Rusya Kırım’da özel olarak belirlenen alanlar dışında ve resmi izin olmadan ibadet etmeyi, vaaz vermeyi ve dini materyaller dağıtmayı cezai suç haline getiren yasalar çıkarmayı da içeren adımlarla din ve inanç özgürlüğü hakkını büyük oranda kısıtladı. Din özgürlüğünü izleyen insan hakları örgütü Forum 18’in verilerine göre, 2023 itibariyle kişiler hakkında ‘yasadışı’ misyonerlik faaliyetlerinden onlarca idari dava açıldı ve 50’den fazla davada hedef alınanlar bu ‘ihlaller’den ötürü fahiş para cezaları ödedi.

Kırım’ın, çoğu Kırım Tatarı olan Müslüman halkı şiddetli misillemelere maruz kaldı. Rusya kolluk kuvvetleri birçok kez Kırım camilerinde pasaport kontrolü yaparak Cuma namazlarını aksattı. Rusya yetkilileri genellikle Kırım Tatarlarını hedef alarak dini yayınlar için ev aramaları da gerçekleştirdi. 100’ün üzerinde Kırım Müslümanı terörle bağlantılı temelsiz suçlamalarla yargılandı, 24 yıla kadar varan hapis cezalarına çarptırıldı ve cezaların infazı için Rusya cezaevlerine götürüldü.

Nisan 2017’de, Rusya Yüksek Mahkemesi, Yehova Şahitlerini “aşırılık yanlısı” ilan ederek Rusya’da ve Rusya işgali altındaki Kırım’da bu inancı yasakladı. Karar üzerine Kırım’daki 22 cemaatin kaydı silindi ve bundan tahmini olarak 8.000 inanan etkilendi. En az 12 Kırımlı Yehova Şahidi yalnızca din veya inanç özgürlüğü hakkını barışçıl bir şekilde kullandığı için altı yıl veya daha uzun süreli hapis cezasına mahkum edildi.

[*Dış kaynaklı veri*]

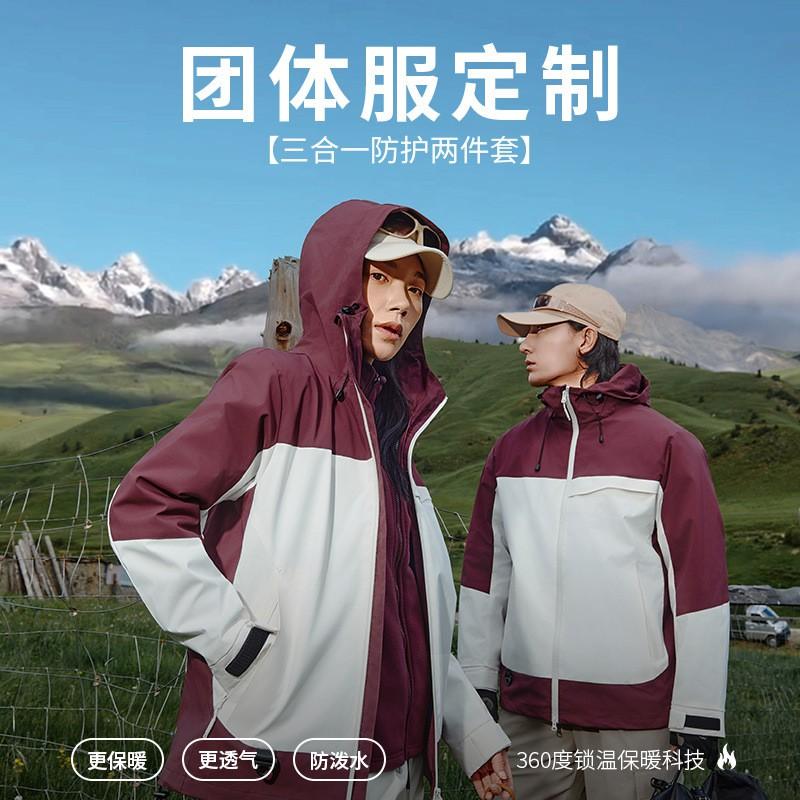 Men Women 3-in-1 Waterproof Windproof Hiking Jacket With Removable Fleece Liner Winter Outdoor Trekking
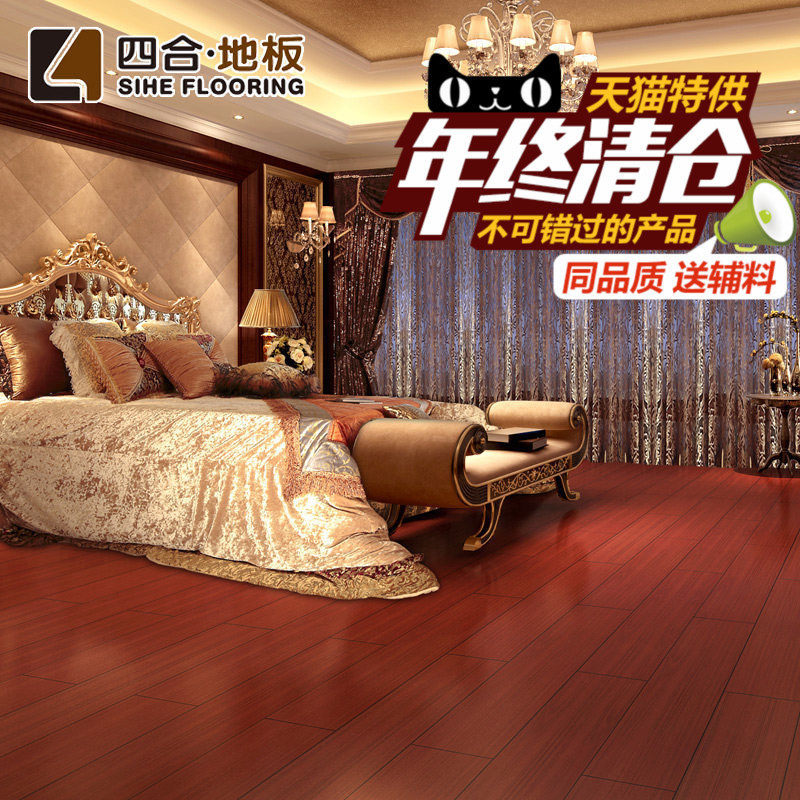 �ĺ�ǿ�����ϵذ�601000000090007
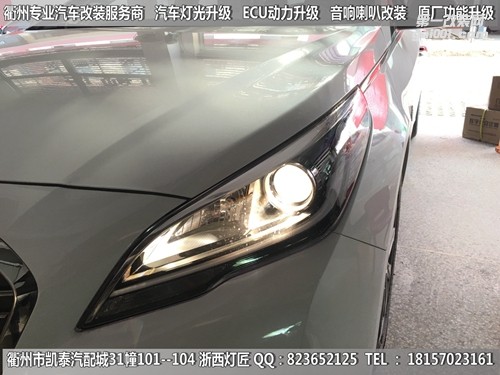 衢州現(xiàn)代索納塔九代大燈升級(jí)改裝海拉5雙光透鏡 專用日行燈 燈眉 天使眼 惡魔眼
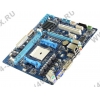 GigaByte GA-A55M-S2V rev1.2 (RTL) SocketFM1<AMD A55>PCI-E Dsub+DVI GbLAN SATA RAID MicroATX 2DDR-III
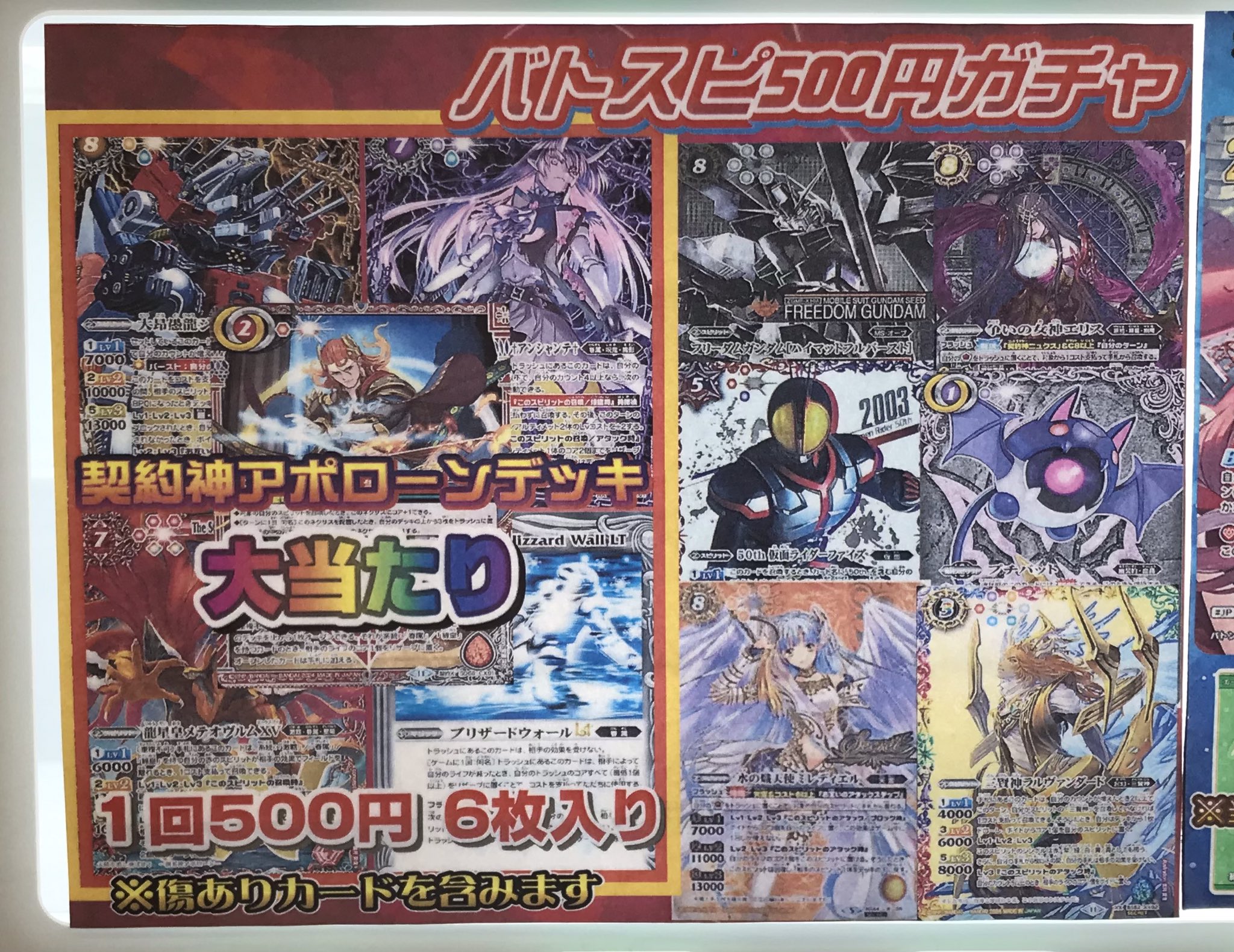 【専用】バトルスピリッツ 超星アポローンデッキ+α‬ 非公認大会入賞、アポローン星竜解説｜テッチャン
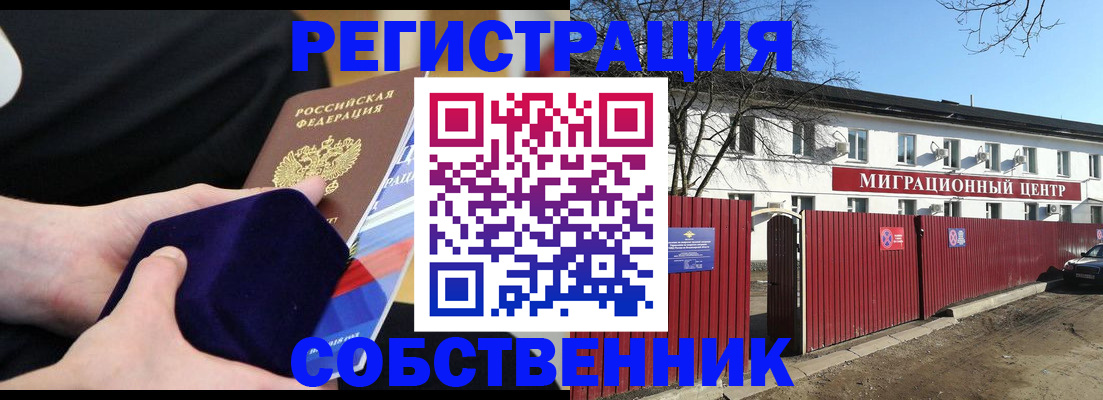 регистрация в Петровске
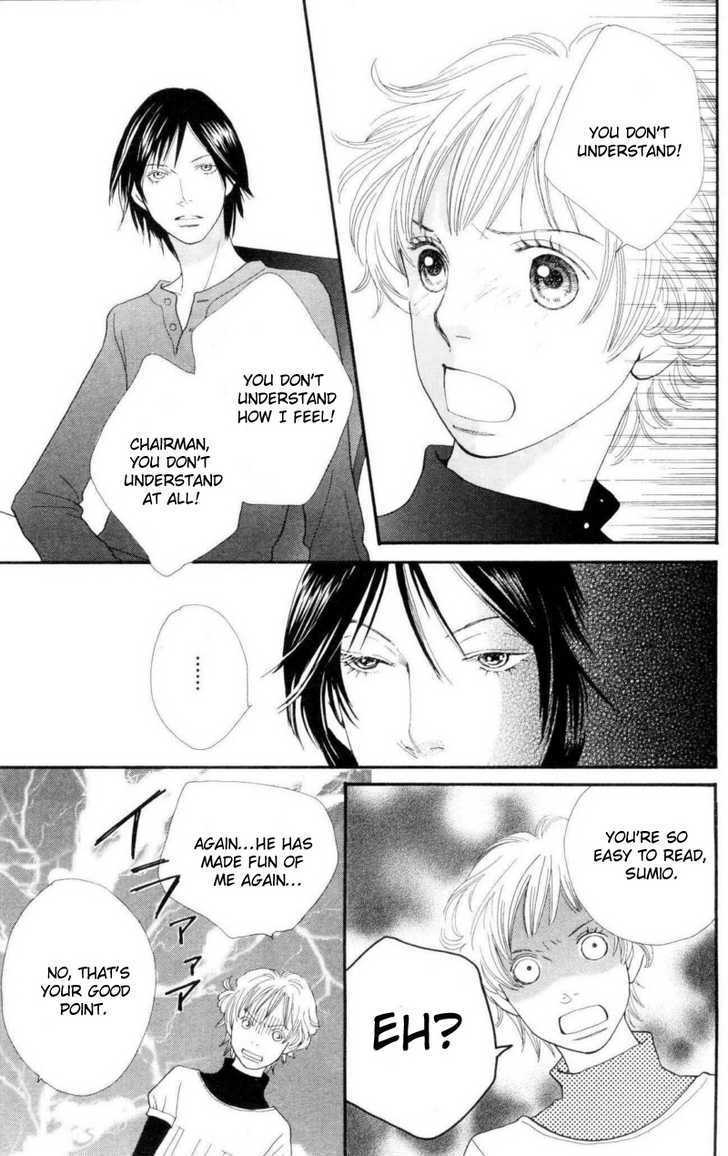 Read Cat Street en Manga Online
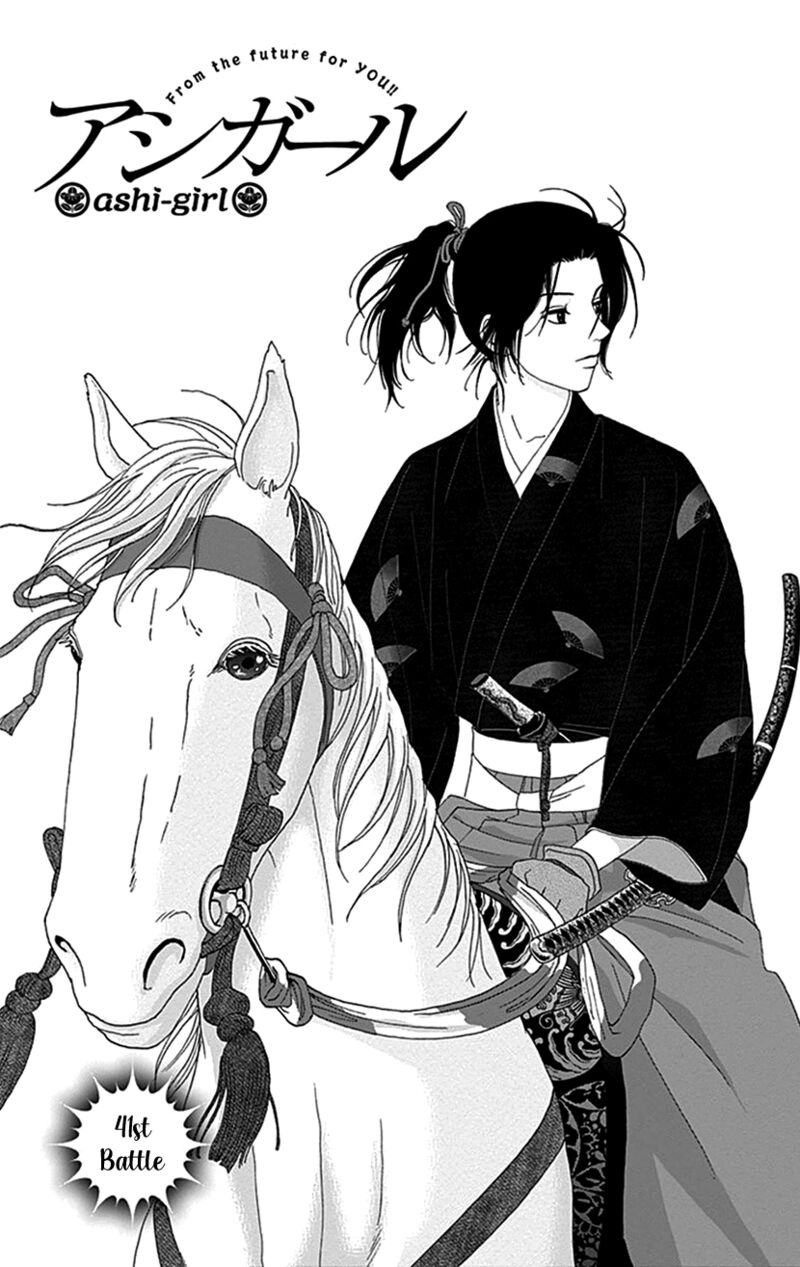 Ashi Girl 41 1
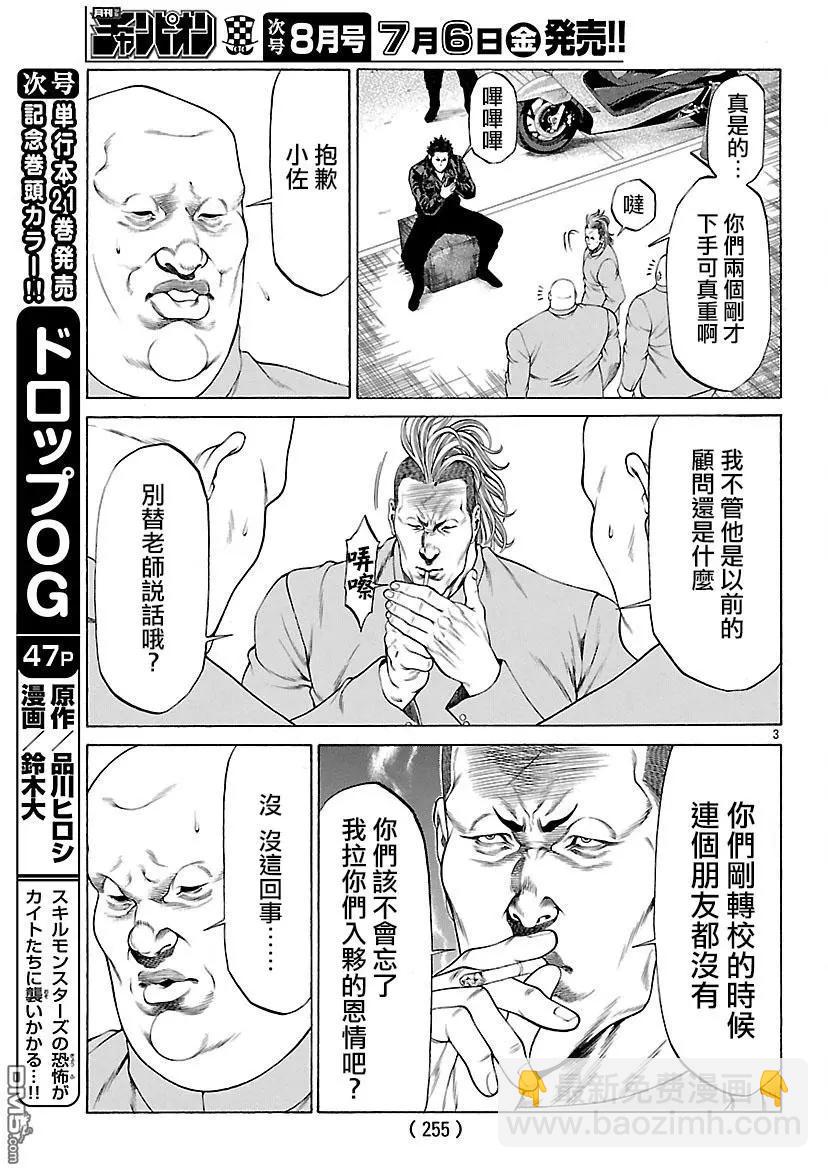 第54话 决赛开幕！！2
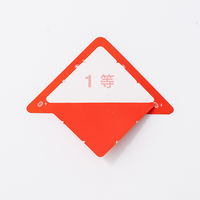 ササガワ 【30袋セット】スッキリくじ1等 (10枚) 23-0636-447 30袋セット（直送品）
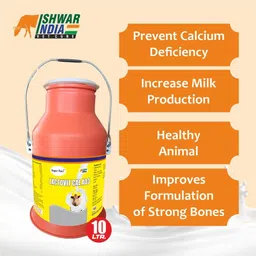 super pure LACTOVIT Cal AD3 Milkcan – Calcium & Vitamin AD3 Tonic for Cows, Goats & Sheep Pet Health Supplements image 2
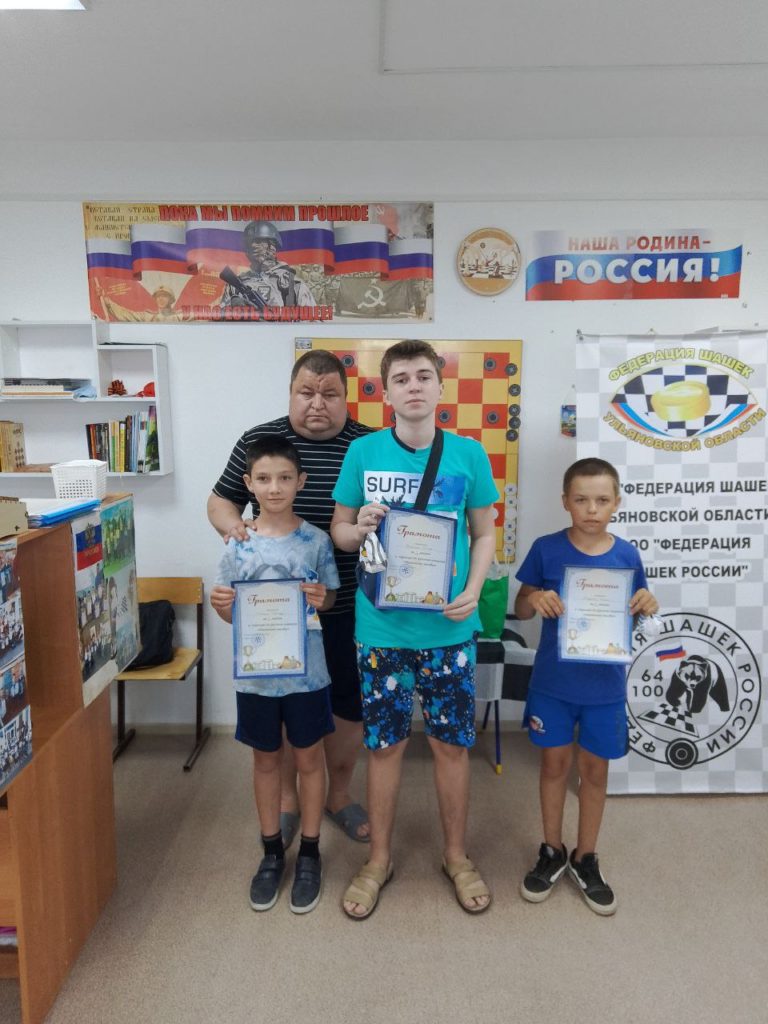"Маленькие звезды"
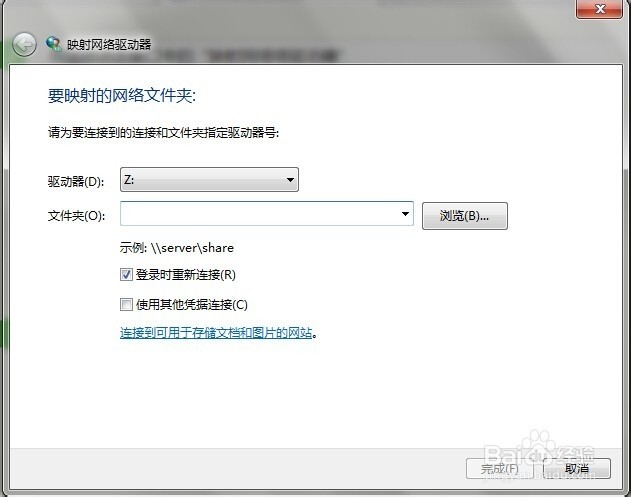 服务器映射到本地磁盘,操作步骤及注意事项是什么? 第2张 服务器映射到本地磁盘,操作步骤及注意事项是什么? 第2张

Kiev Patrikhanesi Ukrayna Ortodoks Kilisesi (2018’den sonra Ukrayna Ortodoks Kilisesi), Rusya yasalarına göre dini bir kurum olarak tanınmak için yeniden başvuruda bulunmayı reddetti. Din görevlilerinin birçoğu da Rusya pasaportu almayı reddetti ve Kırım’dan çıkmaya zorlandı. İşgalin birinci yılında Kilise, 46 cemaatinden 38’ini ve bugüne kadar da tamamını kaybetti. Fiili yetkililer Mayıs 2023’te Kiliseyi başkent Simferopol’daki katedralinden hukuka aykırı olarak tahliye etti.

Medyaya getirilen kısıtlamalar

Bağımsız medya ve gazeteciler işgalci yetkililer tarafından hedef alındı. İşgalin daha ilk günlerinde çok sayıda gazeteci, Ukrayna yanlısı aktivistlere yönelik şiddet politikası kapsamında Rusya yanlısı paramiliter güçler tarafından kaçırıldı. Henüz Mart 2014’te, Ukraynaca yayın yapan televizyon ve radyo kanalları yayından kaldırılmış ve yerine Rus kanallar getirilmişti. İlhakın ardından Rusya, Kırım’daki tüm medya kuruluşlarına 10 ay içinde Rusya mevzuatına uygun olarak yeniden kayıt yaptırma zorunluluğu getirdi ve ‘provokatif eylemler’e karşı uyardı.

Kırım Tatar dilinde yayın yapan kuruluşlar hedef alındı. Popüler bir kanal olan ATR TV ve diğerlerinin kayıt başvuruları reddedildi. 26 Ocak 2015’te onlarca maskeli erkek ATR ofislerini basarak bilgisayar sunucularını söktü. Kanalın editörleri, Uluslararası Af Örgütü’ne, Kırım Tatarlarını etkileyen olaylarla ilgili bazı haberlerinden sonra etkili kişilerden telefon aldıklarını ve gayri resmi bir dille uyarıldıklarını söyledi. ATR sonunda anakara Ukrayna’ya taşınmak zorunda kaldı ve Kırım’dan yayın yapma imkanını kaybetti.

Kırım’dan sürgün edilen çevrimiçi medya kanallarına erişim Kırım’da yargı izni olmadan keyfi olarak engellendi.

Rusya, Kırım’da ve işgal ettiği diğer Ukrayna topraklarında uluslararası insancıl hukuk ve uluslararası insan hakları hukukuna karşı işlediği tüm ihlallere derhal son vermelidir. Tüm uluslararası hukuk suçlarının failleri adil yargılanmak üzere mahkeme önüne çıkarılmalı ve bu suçların mağdurları hakikat, adalet ve onarım haklarını eksiksiz olarak kullanabilmelidir.